Chronic Disease Research Group, Minneapolis Medical Research Foundation, Minneapolis, MN; Department of Medicine, University of Minnesota, Minneapolis, MN.
Center for Observational Research, Amgen, Inc, Thousand Oaks, CA.
Am J Kidney Dis. 2014 Jun;63(6):997-1006. doi: 10.1053/j.ajkd.2013.10.052. Epub 2013 Dec 4.
Changes in anemia management practices due to concerns about erythropoiesis-stimulating agent safety and Medicare payment changes may increase patient risk of transfusion. We examined anemia management trends in hemodialysis patients and risk of red blood cell (RBC) transfusion according to dialysis facility-level hemoglobin concentration.
Retrospective follow-up study; 6-month study period (January to June), 3-month exposure/follow-up.
SETTING & PARTICIPANTS: For each year in 2007-2011, annual cohorts of point-prevalent Medicare primary payer patients receiving hemodialysis on January 1 with one or more hemoglobin measurements during the study period. Annual cohorts averaged 170,000 patients, with 130,000 patients and 3,100 facilities for the risk analysis.
Percentage of facility patient-months with hemoglobin level<10 g/dL.
Patient-level RBC transfusion rates.
Monthly epoetin alfa and intravenous iron doses, mean hemoglobin levels, and RBC transfusion rates; percentage of facility patient-months with hemoglobin levels<10 g/dL (exposure) and patient-level RBC transfusion rates (follow-up).
Percentages of patients with hemoglobin levels<10 g/dL increased every year from 2007 (6%) to 2011 (~11%). Epoetin alfa doses, iron doses, and transfusion rates remained relatively stable through 2010 and changed in 2011. Median monthly epoetin alfa and iron doses decreased 25% and 43.8%, respectively, and monthly transfusion rates increased from 2.8% to 3.2% in 2011, a 14.3% increase.

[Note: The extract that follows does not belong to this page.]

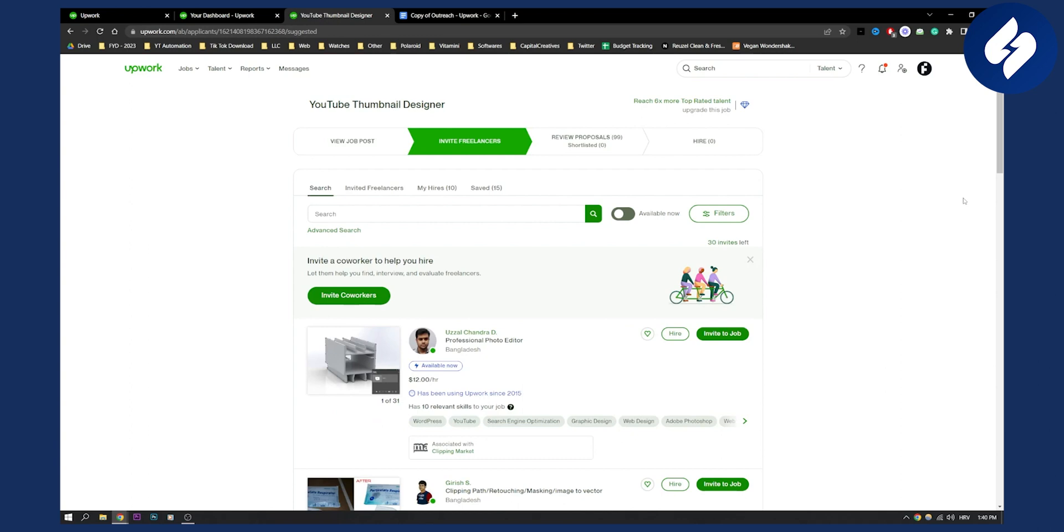That's how to find and hire a freelancer on Upwork. If you have any questions or comments, you can always comment down below. Thank you guys for watching, and we'll see you in the next video.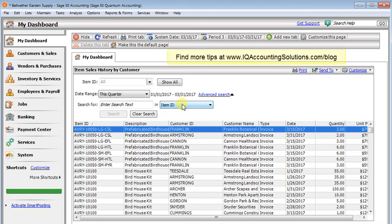So that's the item sales history list by customer. Again, it's really useful because it reports on all your sales, not just your stock or inventory items.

Patients in facilities with the highest prevalence of hemoglobin levels<10 g/dL over 3 months were at ~30% elevated risk of receiving RBC transfusions within the next 3 months (relative risk, 1.28; 95% CI, 1.22-1.34).
Possibly incomplete claims data; smaller units excluded; hemoglobin levels reported monthly for patients receiving epoetin alfa; transfusions usually not administered in dialysis units.
Dialysis facility treatment practices, as assessed by percentage of patient-months with hemoglobin levels<10 g/dL over 3 months, were associated significantly with risk of transfusions in the next 3 months for all patients in the facility, regardless of patient case-mix.
由于担心促红细胞生成素刺激剂的安全性和医疗保险支付变化,贫血管理实践发生了变化,这可能会增加患者输血的风险。我们研究了血液透析患者的贫血管理趋势,并根据透析中心的血红蛋白浓度观察红细胞(RBC)输血的风险。
回顾性随访研究;6 个月的研究期(1 月至 6 月),3 个月的暴露/随访。
每年从 2007 年至 2011 年,在研究期间有一个或多个血红蛋白测量值的每月初诊 Medicare 主要支付者接受血液透析的患者年度队列。每年的队列平均有 17 万名患者,其中有 13 万名患者和 3100 个设施进行风险分析。
血红蛋白水平<10 g/dL 的设施患者月百分比。
患者 RBC 输血率。
每月促红细胞生成素 alfa 和静脉内铁剂量、平均血红蛋白水平和 RBC 输血率;血红蛋白水平<10 g/dL 的设施患者月百分比(暴露)和患者 RBC 输血率(随访)。
血红蛋白水平<10 g/dL 的患者百分比从 2007 年(6%)逐年增加到 2011 年(~11%)。促红细胞生成素 alfa 剂量、铁剂量和输血率在 2010 年之前保持相对稳定,然后在 2011 年发生变化。每月促红细胞生成素 alfa 和铁剂量分别下降 25%和 43.8%,每月输血率从 2011 年的 2.8%增加到 3.2%,增加了 14.3%。在 3 个月内血红蛋白水平<10 g/dL 发生率最高的设施中,患者在下一个 3 个月内接受 RBC 输血的风险约增加 30%(相对风险,1.28;95%CI,1.22-1.34)。
可能不完全的索赔数据;排除较小的单位;接受促红细胞生成素 alfa 治疗的患者每月报告血红蛋白水平;通常不在透析单位进行输血。
以 3 个月内血红蛋白水平<10 g/dL 的患者月百分比评估的透析设施治疗方法与设施内所有患者下一个 3 个月内输血的风险显著相关,而与患者病例组合无关。